10. Los Angeles Guerillas (5 – 9)
Previous Rank: 6 ( -4)
CDL Points: 70 (+20)
As mentioned in the previous power rankings, the Los Angeles Guerrillas had one of the lowest overall map win rates in CDL. We look at map win percentage as a trailing indicator of a team’s performance—simply put in John Madden terms, if you win your maps, you’ll eventually be good; if you don’t win your maps, sooner or later you’ll lose and fall in the rankings. This hasn’t changed for the Los Angeles Guerrillas through Stage 2. The Guerrillas are 2nd worst in map win percentage (39%). They’re still the worst Hardpoint team in the game (2-7 in Stage 2). They’re a bottom Control team. And to top if off, after upsetting a respectable LA Thieves team at the Stage 1 Major, they were 3-0 swept this time around by a Florida team that finished at the bottom of its group in both stages this season.
Key Takeaways: The one silver lining for LAG in Stage 2 is the team’s continued SnD strength. The SnD, and the win against FaZe. They were still a formidable Search team throughout Stage 2, but a table won’t stand for long on a single leg. Neither can the Guerrillas. Whether it’s a role change, a roster change, or anything else, this team needs to change something drastic in order to sniff contention.
11. London Royal Ravens (2 – 10)
Previous Rank: 12 ( +1)
CDL Points: 30 (+30)
London is finally on the board. With two wins to start the group stage and a tenth place finish at the Major, London has shaken the memes. The introduction of PaulEhx has improved the team, however, significant issues linger with this roster. SnD is improved, but on the year, London is still one of the worst Search teams (4-12 record).
Key Takeaways: “No twins, no wins” has been banished to the Shadow Realm. Getting a few wins was important for this team’s confidence. Zed has brought on the needed veteran leadership, but the team can still look anemic on respawn, especially Dylan, who has exacerbated his “feast or famine” playstyle. This season, the British fans have seen Dylan dropping 0.5’s just as frequently as they’ve seen him dropping 1.5’s. But the key takeaway here is that London is running out of time. Unlike the LA Thieves, who have 110 CDL points, London cannot afford to give this roster the same runway.
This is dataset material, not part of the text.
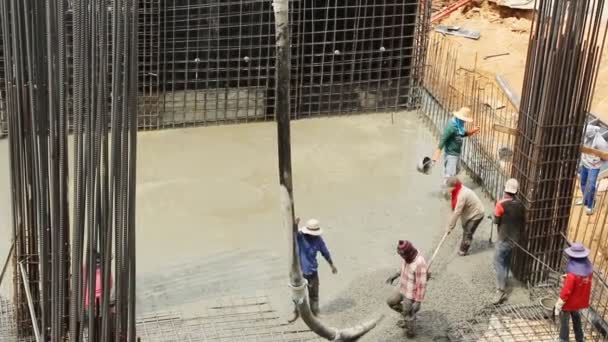 Dökülen beton zemin — Stok video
Given that only the top eight teams qualify for Champs this season, London has three stages to make up a huge point differential, and is currently sitting in dead last with 30 CDL points.
12. Paris Legion (4 – 8)
Previous Rank: 8 (-4)
CDL Points: 50 (+20)
Everyone watching Paris Legion knew they were in for a tough season. After rumors of a minimum payroll team, the Legion surprised many in Stage 1 by taking FaZe to a game 5, and being competitive in many of their matches. Reality has started to set in during Stage 2. Despite the early promise, they were clean swept by a newly formed LA Thieves team last week at the Stage 2 Major. Earlier this week, Paris released Fire and announced Temp to the starting roster.
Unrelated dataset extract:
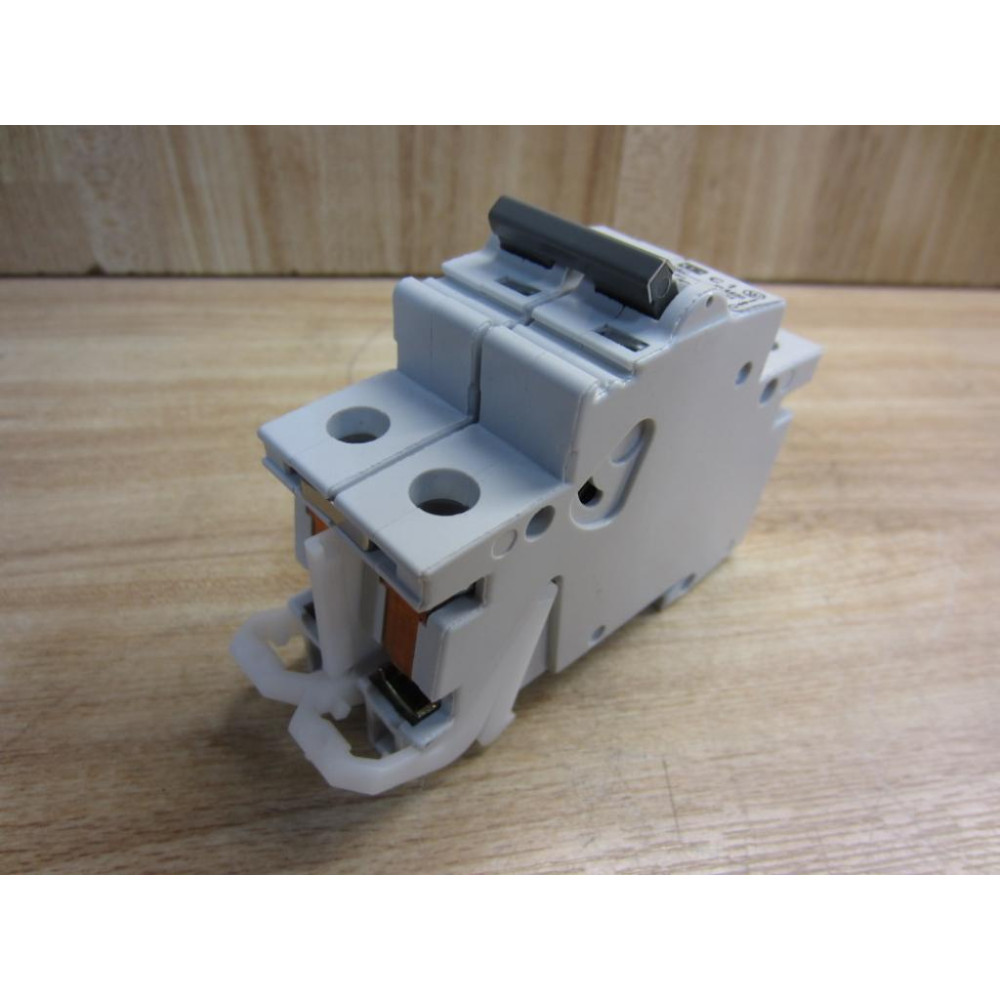 Cutler Hammer SPCL2C01 Eaton Circuit Breaker - Used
Key Takeaways: Despite Fire’s ambivalent performances, the entire team has struggled. Most players on the team have negative K/D’s in each game mode, with only Aqua performing consistently. The vibes will be on uptrend 📈, but Paris needs to see significant improvements to truly contend. There are currently five teams sitting between 30 and 70 CDL points: Paris Legion, London Royal Ravens, Seattle Surge, Florida Mutineers, and Seattle Surge. Only one of the bottom five teams will qualify in Champs. Drop Fire and make a gamble on Temp now? It’s a bold play, the payoffs are murky. Only time will tell if the move will work out in the team’s favor.